This MERIT extension remains focused on the development and application of novel fluorescence methods to measure solute mobility and interactions in live cells and tissues.
The aims of the research are a direct extension of ongoing work to understand the determinants of extracellular space (ECS) diffusion and volume (Aim 1), plasma membrane protein diffusion (Aim 2) and protein-protein interactions (Aim 3).
In Aim 1, novel optical methods will be applied to study regulated ECS diffusion, volume and ionic homeostasis in brain and tumor. We will apply microfiberoptic methods, polarization correlation microscopy, and K'^-sensing fluorescent indicators to study ECS regulation in brain and tumor, addressing questions regarding the microviscosity of the extracellular matrix, the dynamic changes in ECS volume and [K*] during neural signal transduction, and the influence of cellular crowding on macromolecule diffusion in the ECS.
In Aim 2, single-molecule fiuorescence methods will be applied to investigate the determinants of membrane protein translational and rotational diffusion. Building on quantum dot-single particle tracking (SPT) studies of aquaporin-4 (AQP4) water channels, we will use multi-color SPT and quantum rod polarization correlation microscopy to investigate the determinants of AQP4 translational and rotation diffusion in live cells, and to study AQP diffusion in lamellipodia of migrating cells and the determinants of AQP4 supramolecular assembly.
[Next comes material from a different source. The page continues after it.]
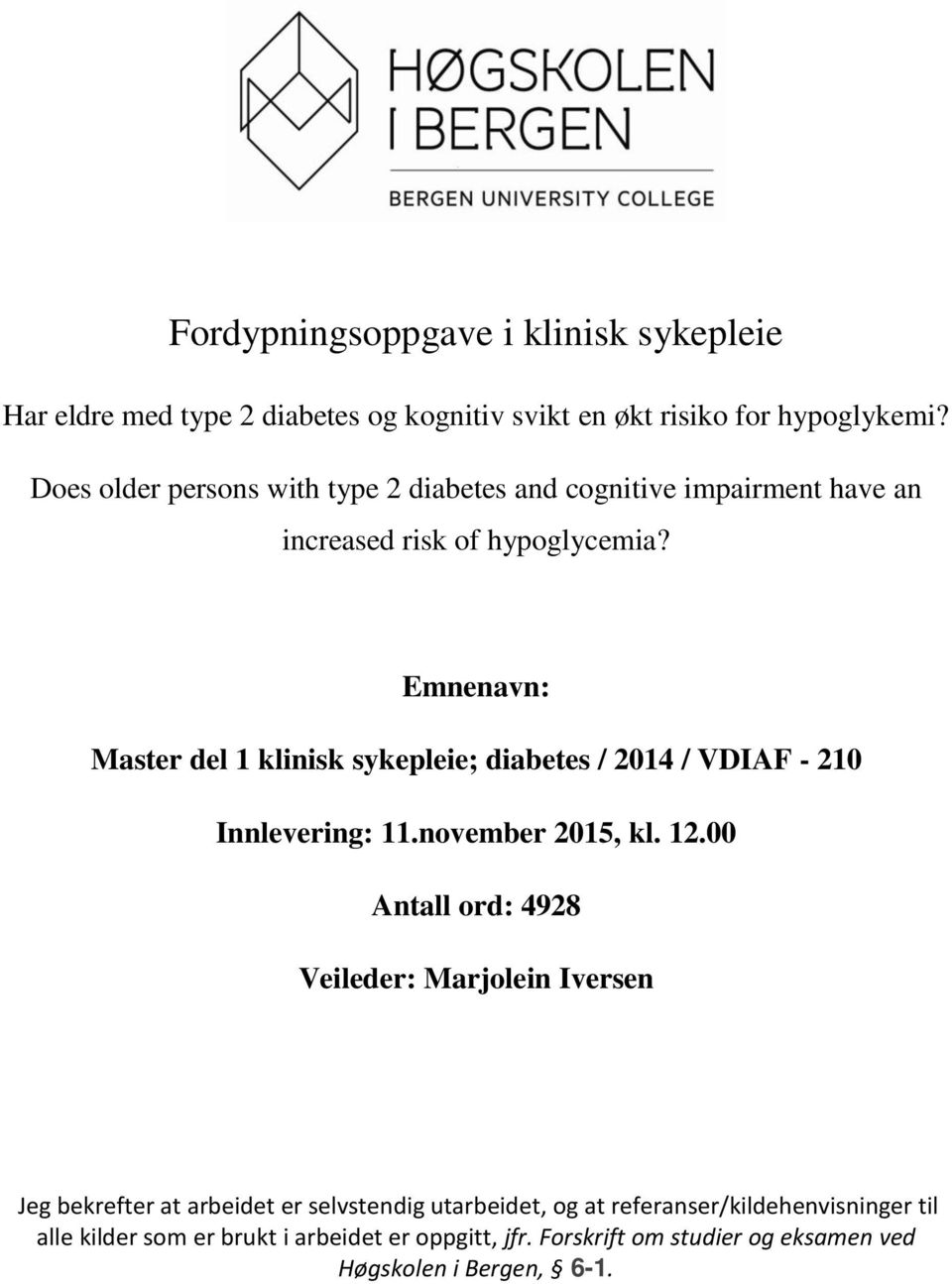 Emnenavn: Master del 1 klinisk sykepleie; diabetes / 2014 / VDIAF - 210 Innlevering: 11.november 2015, kl. 12.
In Aim 3, single-molecule fluorescence methods will be applied to investigate protein-protein interactions of membrane water and ion transporters. We have implemented methodology to quantify protein-protein interactions in live cells, including multicolor SPT, two-color FCS, and super-resolution microscopy. Building on our recent studies of AQP water channels and CFTR Cl channels, we will investigate the size and dynamics of AQP4 supramolecular assembly, and the cytoskeletal and other interacting proteins of AQP4 and CFTR. These data will provide molecular-level information about the mechanisms and biological consequences of AQP4 and CFTR protein-protein interactions. In addition, the proposed studies will establish novel and widely applicable methodology to measure protein dynamics and interactions in cell plasma membrane and in the extracellular space.
Our research involves the development and application of novel microscopy methods to study protein dynamics and interactions in live cells. The research addresses basic mechanistic questions about the extracellular space in brain and tumor, and how water and ion channels are regulated and assembled at cell membranes.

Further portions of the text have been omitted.